Red Hat Bugzilla – Bug 1269828
[windows 10] [3.6 engine/3.5 cluster] Windows 10 are restarting - SYSTEM_THREAD_EXCEPTION_NOT_HANDLES
Last modified: 2016-02-10 14:24:07 EST
Created attachment 1080958 [details]
windows 10 error screenshot
Description of problem:
I had Windows 10 running on my 3.6 engine env (including RHEL7 hosts with 3.6 vdsm). I needed to test something so I modified Windows 10 VM settings and changed cluster to another one with 3.5 cluster level (no warning, no error - thus seemed to be OK).
Then I started this (previously working OK) Windows 10 on RHEL6 hosts with 3.5 vdsm in this 3.5 cluster.

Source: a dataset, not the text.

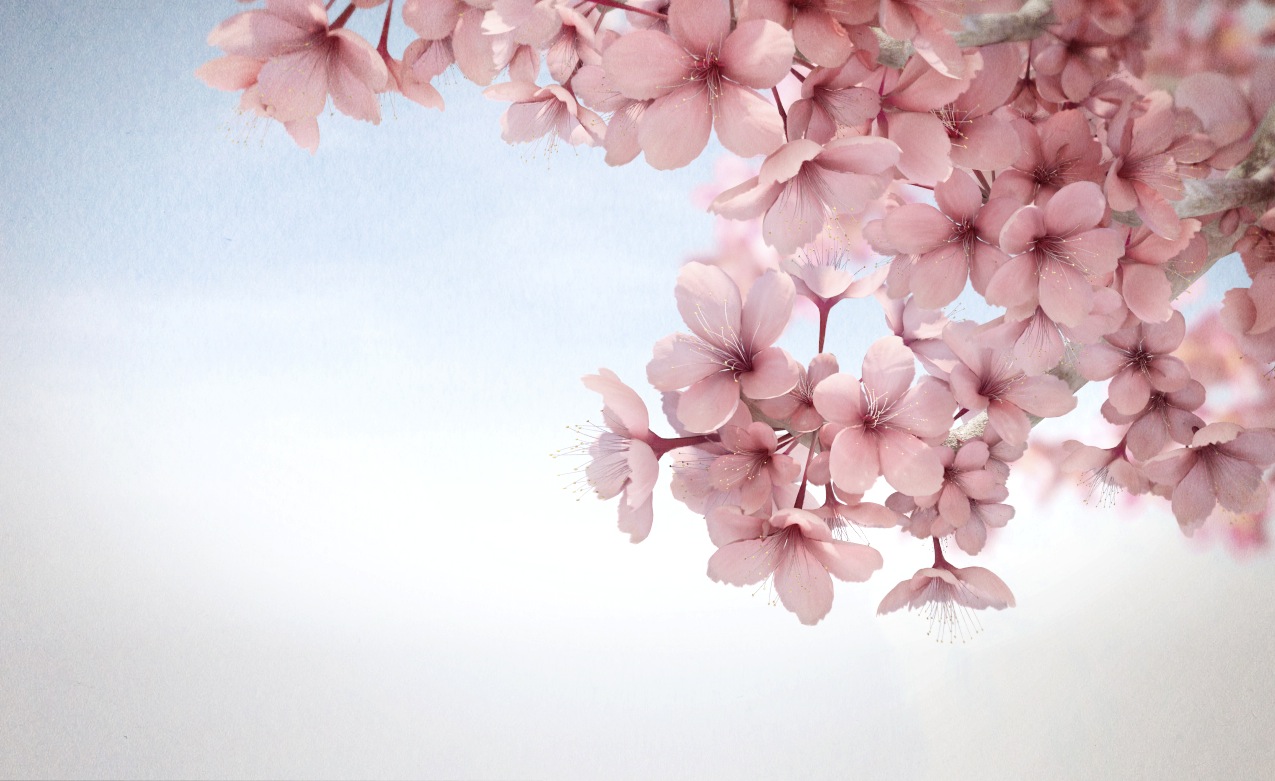 Sakura Flower HD Wallpaper Android WallpicsHD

Windows are restarting all over again with error:
If Windows 10 is not supported to be run on 3.5 cluster level (which allow RHEL6 hosts, thus allowing older qemu-kvm etc...), then there is missing check while a user is modifying VM configuration and changes cluster level.

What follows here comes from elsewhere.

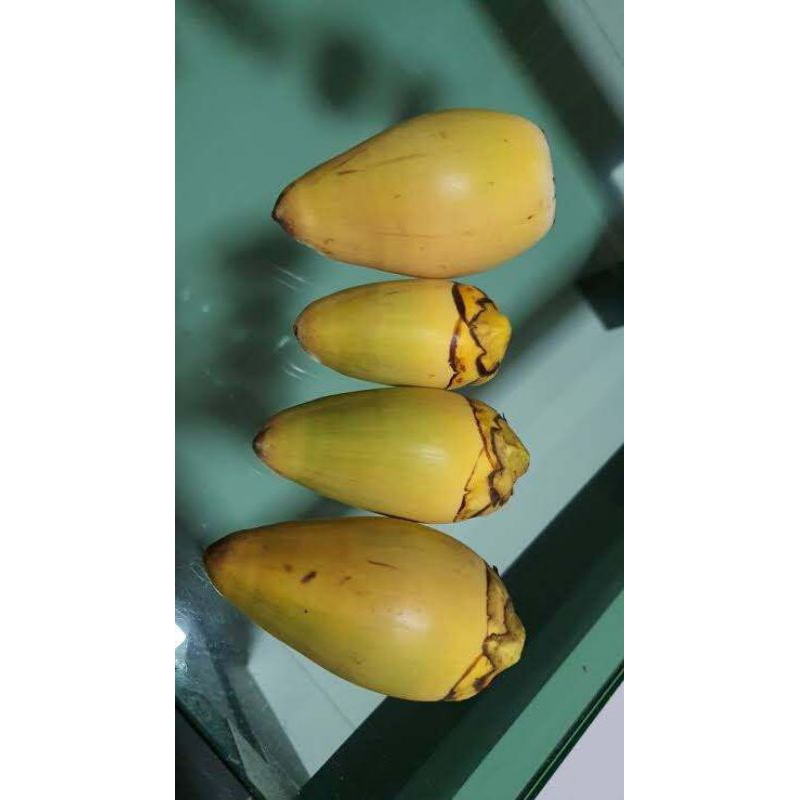Jual tembuluk/bluluk kelapa muda kecil fres 10 biji Rp 19000 | Shopee ...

I'm speculating here but if Windows 10 is supported only on 3.6 cluster level then:
- there should be always check what OS has VM defined and check if requested cluster level would support it
- there should be a warning or it should not be allowed to change cluster level for specific OS types (to below levels)
Version-Release number of selected component (if applicable):
Steps to Reproduce:
1. 3.6 engine, 3.6 cluster level, 3.6 host (RHEL7)
2. install Windows 10
3. 3.5 cluster level, 3.5 host (RHEL6)
4. while Windows 10 VM is down, modify cluster to 3.5 level
5. start Windows 10 VM
- no warning, no error about issues to downgrade cluster level for Windows 10
- Windows 10 is restarting all over again
- either should not be allowed to downgrade cluster level for OS types which
require new features from above cluster levels or there should be a warning
- running Windows 10 on 3.5 cluster level?
Do we support Windows 10 only with certain machine types?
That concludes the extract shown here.